- [DATA PROVIDED]:
- - -

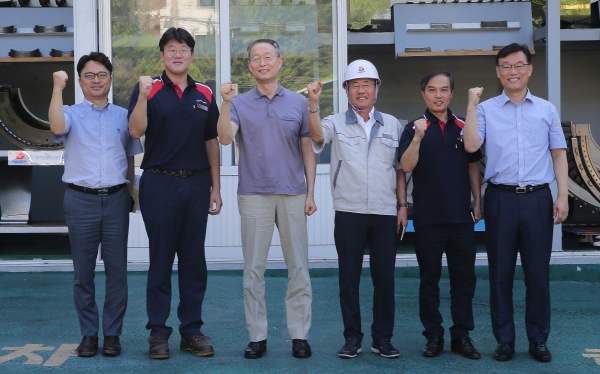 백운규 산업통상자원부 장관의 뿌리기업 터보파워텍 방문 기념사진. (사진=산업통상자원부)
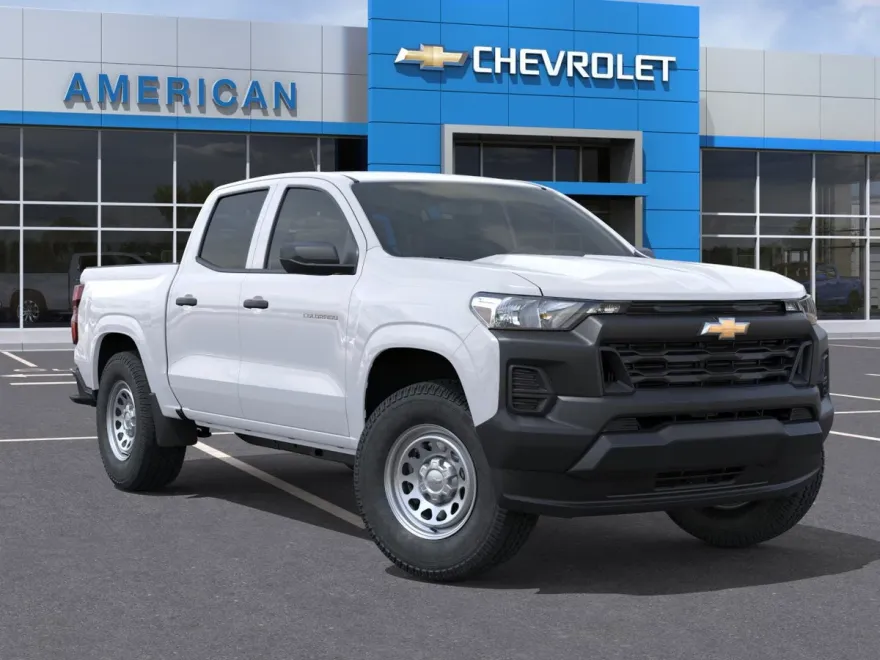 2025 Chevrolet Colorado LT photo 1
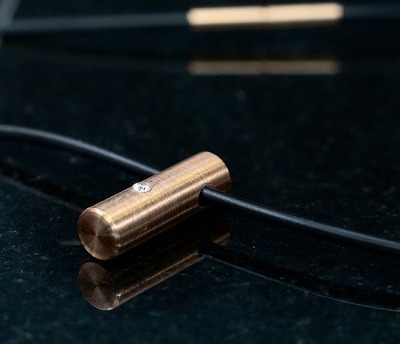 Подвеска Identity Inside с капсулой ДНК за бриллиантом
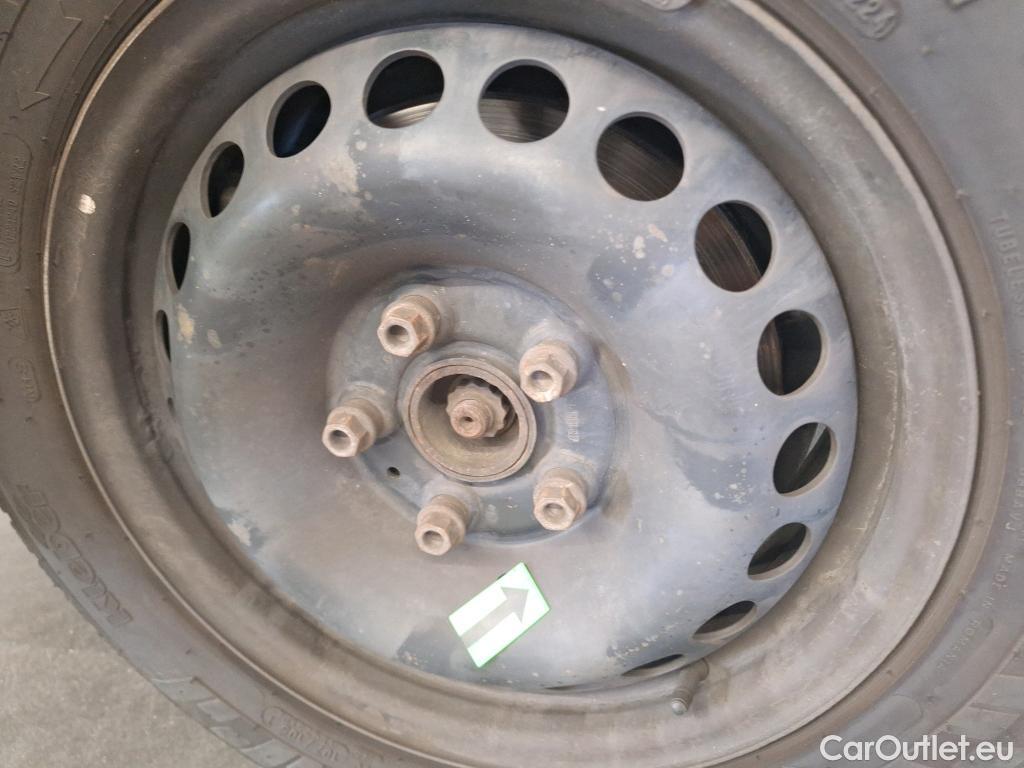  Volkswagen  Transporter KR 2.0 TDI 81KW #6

- - -

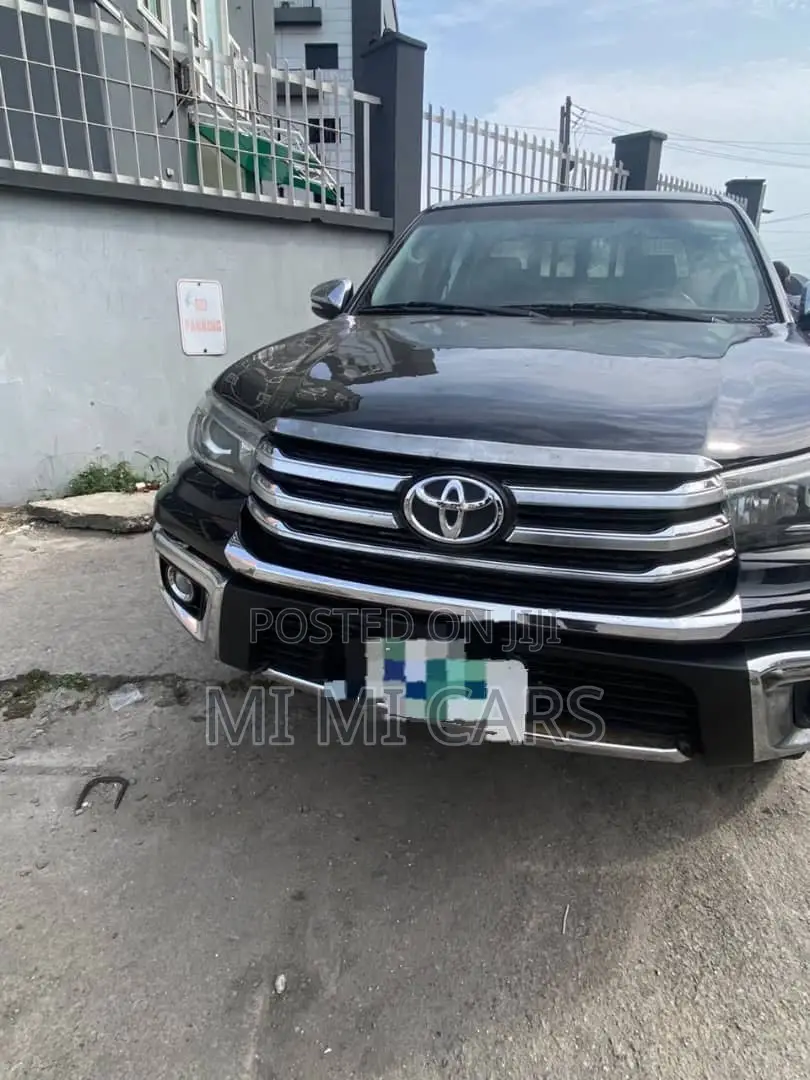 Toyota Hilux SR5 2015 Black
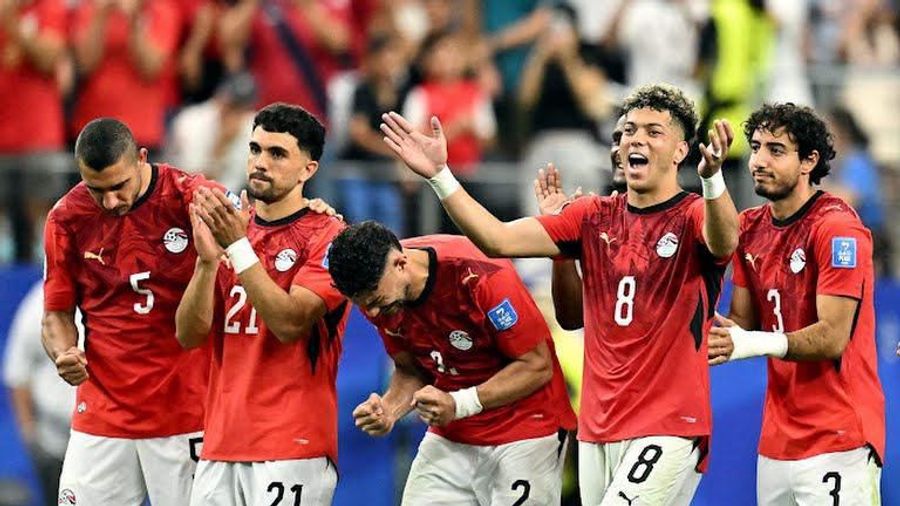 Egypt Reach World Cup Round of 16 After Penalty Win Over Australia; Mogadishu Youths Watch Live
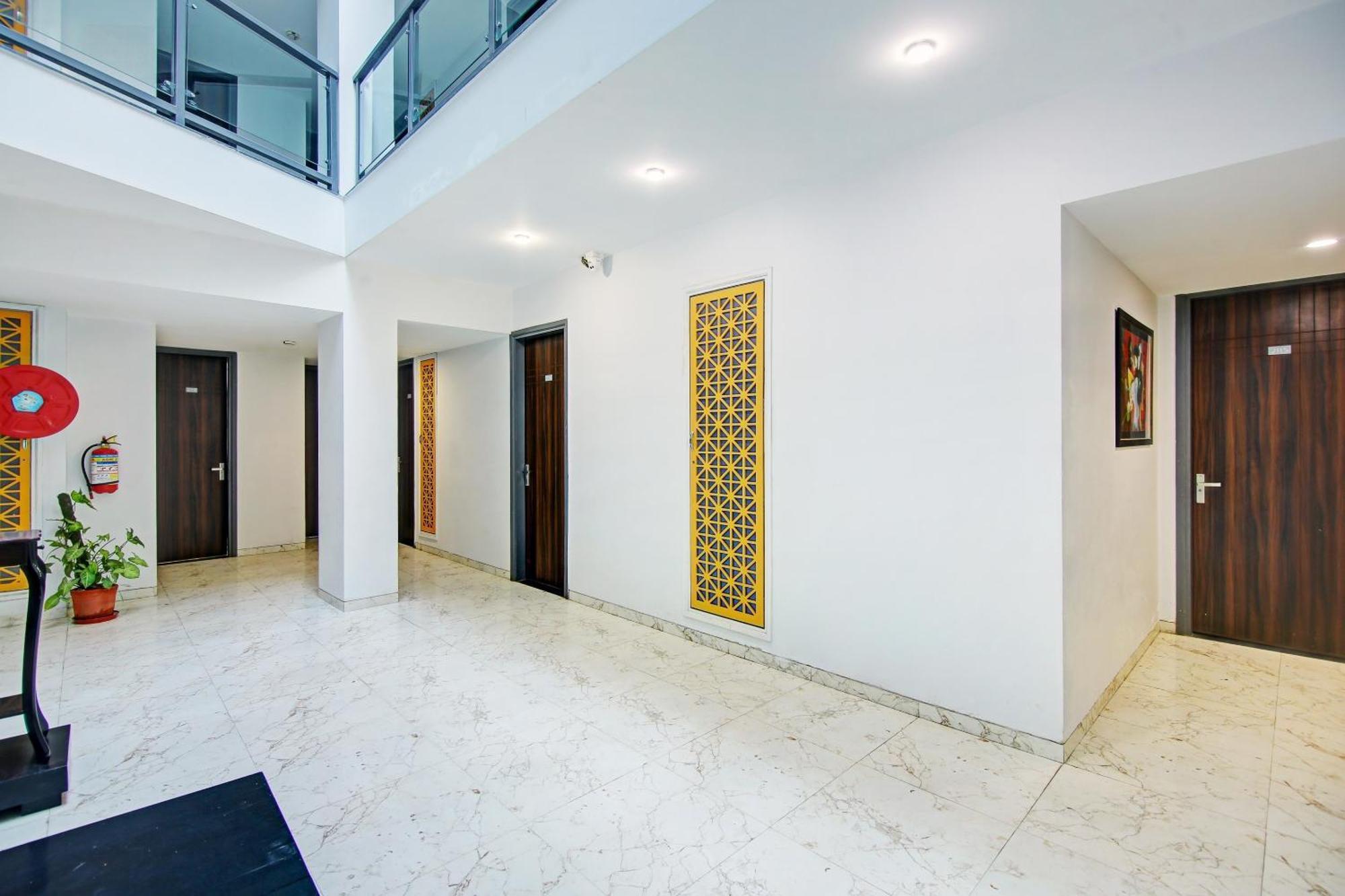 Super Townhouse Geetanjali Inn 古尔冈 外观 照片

- - -

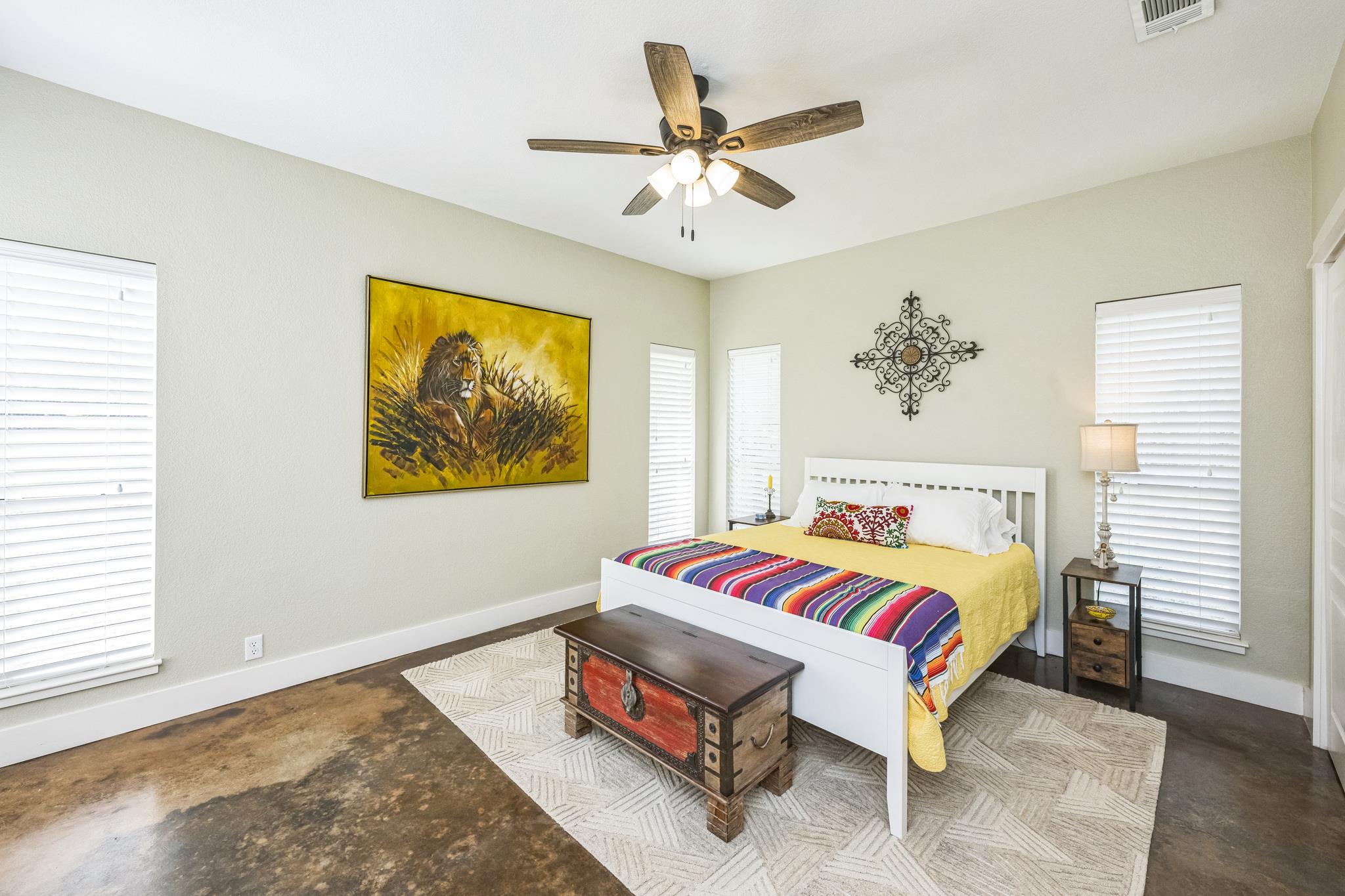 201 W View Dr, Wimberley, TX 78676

- - -

- [TASK OBJECTIVE]: Within the entries above, the lines from the one containing "Toyota Hilux SR5 2015 Black" through the one containing "Super Townhouse Geetanjali Inn 古尔冈 外观 照片" are to be transcribed exactly, ends included, pictures excluded.

- [TASK SOLUTION]:
 Toyota Hilux SR5 2015 Black
 Egypt Reach World Cup Round of 16 After Penalty Win Over Australia; Mogadishu Youths Watch Live
 Super Townhouse Geetanjali Inn 古尔冈 外观 照片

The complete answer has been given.